[[ Extracted material, beginning ]]
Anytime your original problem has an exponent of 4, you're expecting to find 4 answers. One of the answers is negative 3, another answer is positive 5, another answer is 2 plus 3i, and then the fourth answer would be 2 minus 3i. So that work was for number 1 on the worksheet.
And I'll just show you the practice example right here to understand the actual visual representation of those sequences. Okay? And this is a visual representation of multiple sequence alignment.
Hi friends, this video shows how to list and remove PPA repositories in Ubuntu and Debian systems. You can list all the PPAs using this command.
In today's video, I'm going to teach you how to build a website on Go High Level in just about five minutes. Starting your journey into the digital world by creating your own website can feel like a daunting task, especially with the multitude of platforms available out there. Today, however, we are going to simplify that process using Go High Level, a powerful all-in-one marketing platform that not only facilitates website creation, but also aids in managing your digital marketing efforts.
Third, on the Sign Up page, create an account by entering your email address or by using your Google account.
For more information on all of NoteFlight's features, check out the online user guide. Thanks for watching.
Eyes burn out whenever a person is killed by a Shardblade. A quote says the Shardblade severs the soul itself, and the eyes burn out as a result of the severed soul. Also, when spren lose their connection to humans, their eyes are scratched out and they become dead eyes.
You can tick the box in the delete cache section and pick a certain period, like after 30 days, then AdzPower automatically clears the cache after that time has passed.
[[ Extracted material, end ]]
## Your instructions
Set all of the records down again, exactly as they stand.

## Task answer
Anytime your original problem has an exponent of 4, you're expecting to find 4 answers. One of the answers is negative 3, another answer is positive 5, another answer is 2 plus 3i, and then the fourth answer would be 2 minus 3i. So that work was for number 1 on the worksheet.
And I'll just show you the practice example right here to understand the actual visual representation of those sequences. Okay? And this is a visual representation of multiple sequence alignment.
Hi friends, this video shows how to list and remove PPA repositories in Ubuntu and Debian systems. You can list all the PPAs using this command.
In today's video, I'm going to teach you how to build a website on Go High Level in just about five minutes. Starting your journey into the digital world by creating your own website can feel like a daunting task, especially with the multitude of platforms available out there. Today, however, we are going to simplify that process using Go High Level, a powerful all-in-one marketing platform that not only facilitates website creation, but also aids in managing your digital marketing efforts.
Third, on the Sign Up page, create an account by entering your email address or by using your Google account.
For more information on all of NoteFlight's features, check out the online user guide. Thanks for watching.
Eyes burn out whenever a person is killed by a Shardblade. A quote says the Shardblade severs the soul itself, and the eyes burn out as a result of the severed soul. Also, when spren lose their connection to humans, their eyes are scratched out and they become dead eyes.
You can tick the box in the delete cache section and pick a certain period, like after 30 days, then AdzPower automatically clears the cache after that time has passed.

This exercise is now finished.